Assigned task » Quote all of the data exactly as given. Skip every picture it contains.

»»

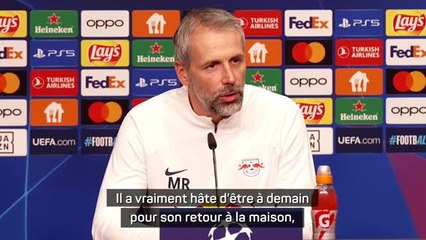 Gr. G - Rose : "Gulácsi a vraiment hâte d'être à demain pour son retour à la maison"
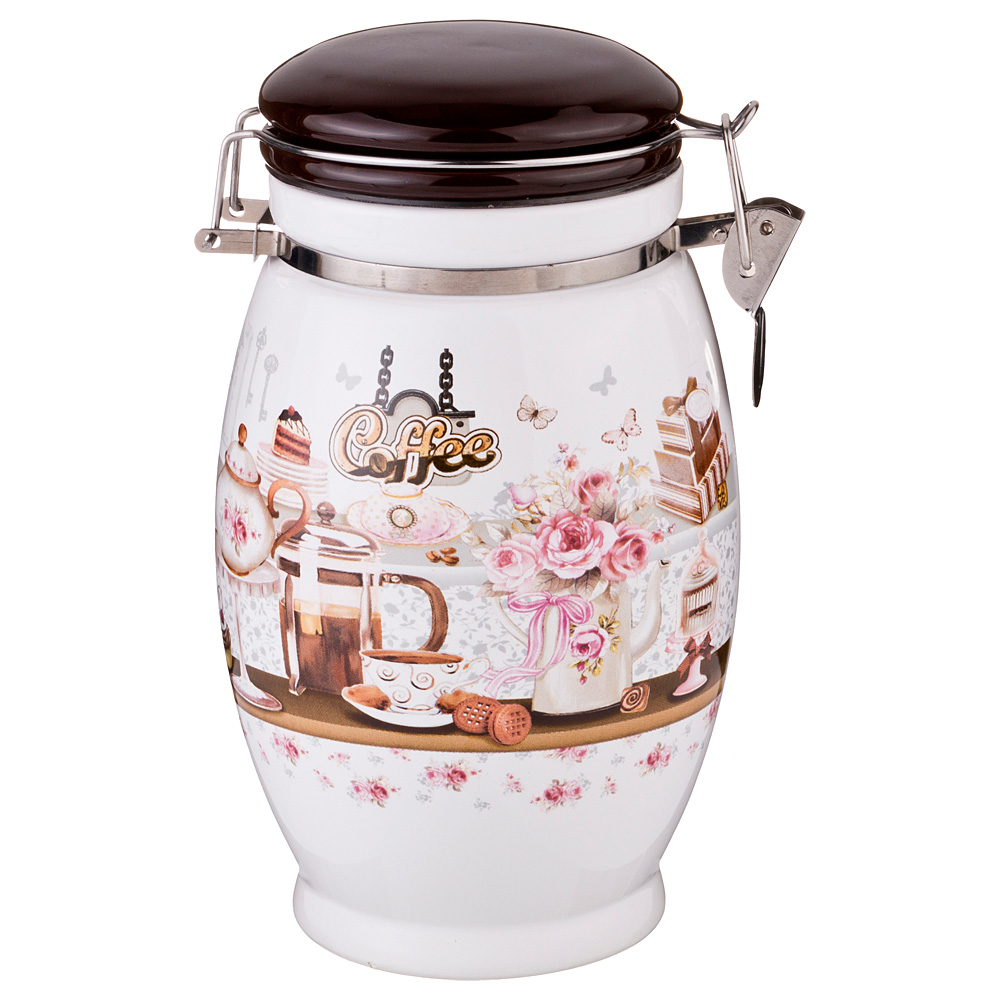 Емкость для сыпучих продуктов "Coffee" высота 20 см. 1100 мл. Agness_358-1325, 358-1325
Емкость для сыпучих продуктов "Coffee" высота 20 см. 1100 мл. Agness_358-1325, 358-1325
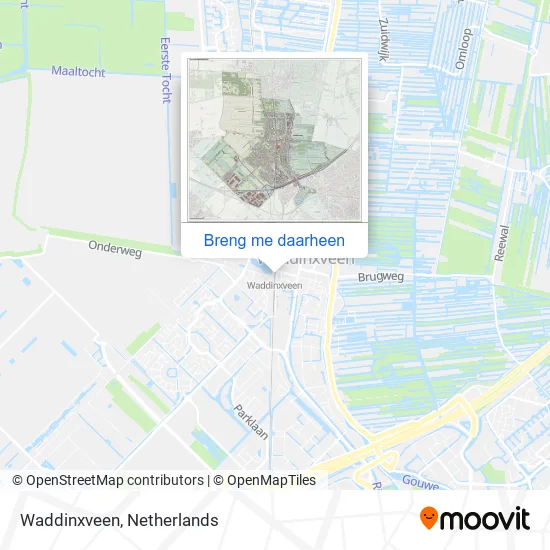 Waddinxveen kaart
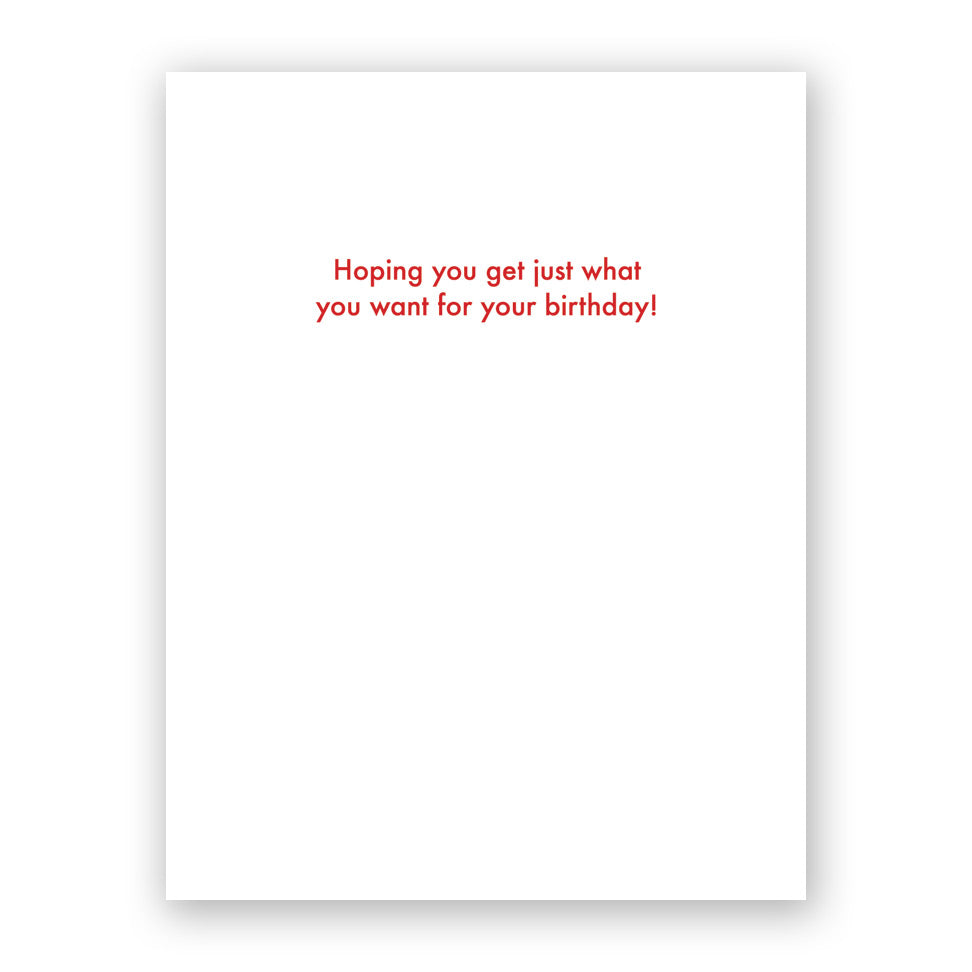 Axe Birthday Card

««

Task output »
 Gr. G - Rose : "Gulácsi a vraiment hâte d'être à demain pour son retour à la maison"
 Емкость для сыпучих продуктов "Coffee" высота 20 см. 1100 мл. Agness_358-1325, 358-1325
Емкость для сыпучих продуктов "Coffee" высота 20 см. 1100 мл. Agness_358-1325, 358-1325
 Waddinxveen kaart
 Axe Birthday Card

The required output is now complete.